Required action: Every line of the data below should be repeated exactly, and no picture should be copied.

Data shown:

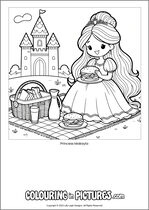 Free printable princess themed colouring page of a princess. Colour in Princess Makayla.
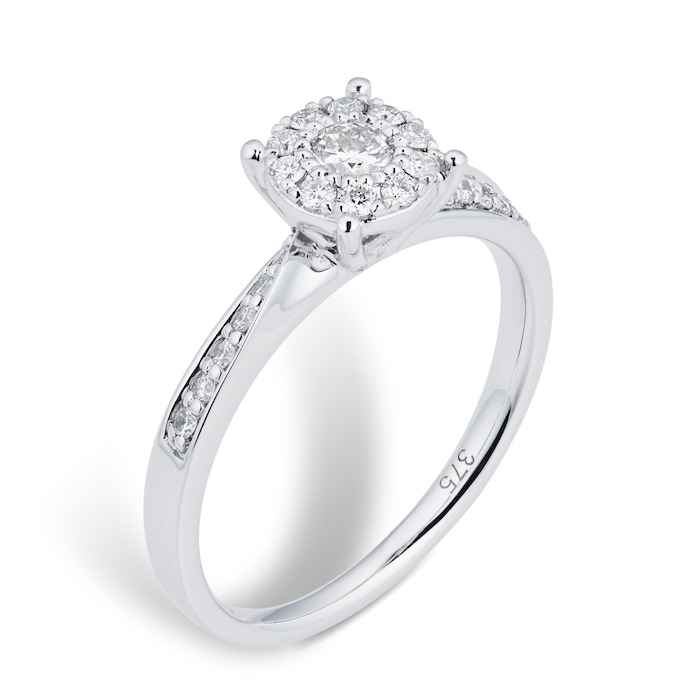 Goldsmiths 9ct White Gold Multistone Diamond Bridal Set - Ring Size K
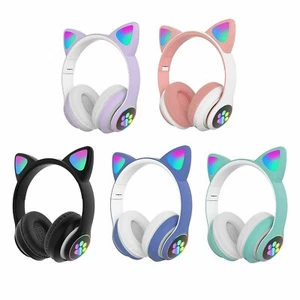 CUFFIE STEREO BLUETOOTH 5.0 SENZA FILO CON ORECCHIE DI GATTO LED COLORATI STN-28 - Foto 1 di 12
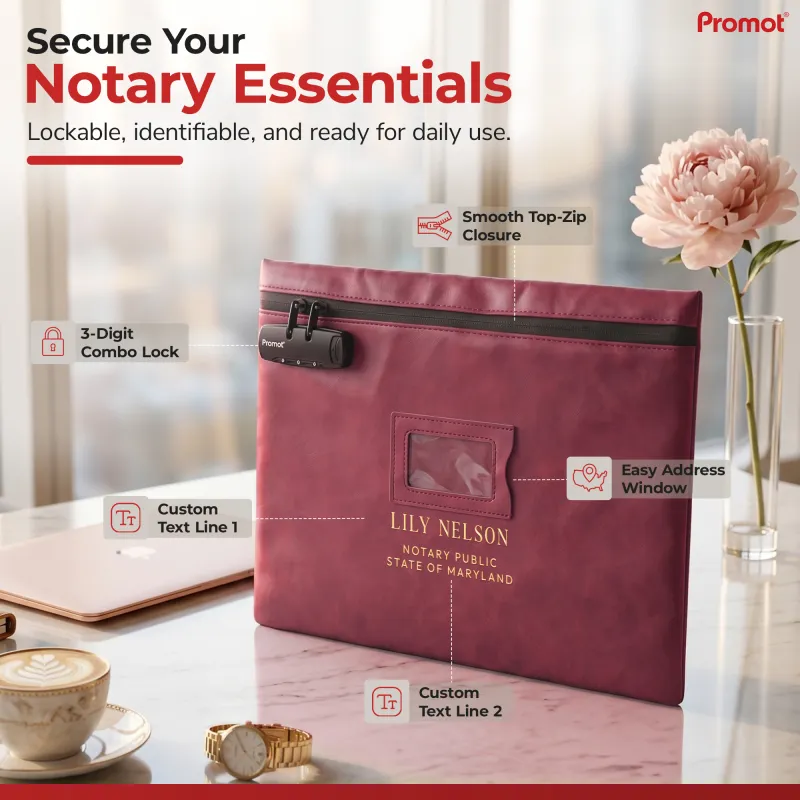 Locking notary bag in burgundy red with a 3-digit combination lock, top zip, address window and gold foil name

Exercise output:
 Free printable princess themed colouring page of a princess. Colour in Princess Makayla.
 Goldsmiths 9ct White Gold Multistone Diamond Bridal Set - Ring Size K
 CUFFIE STEREO BLUETOOTH 5.0 SENZA FILO CON ORECCHIE DI GATTO LED COLORATI STN-28 - Foto 1 di 12
 Locking notary bag in burgundy red with a 3-digit combination lock, top zip, address window and gold foil name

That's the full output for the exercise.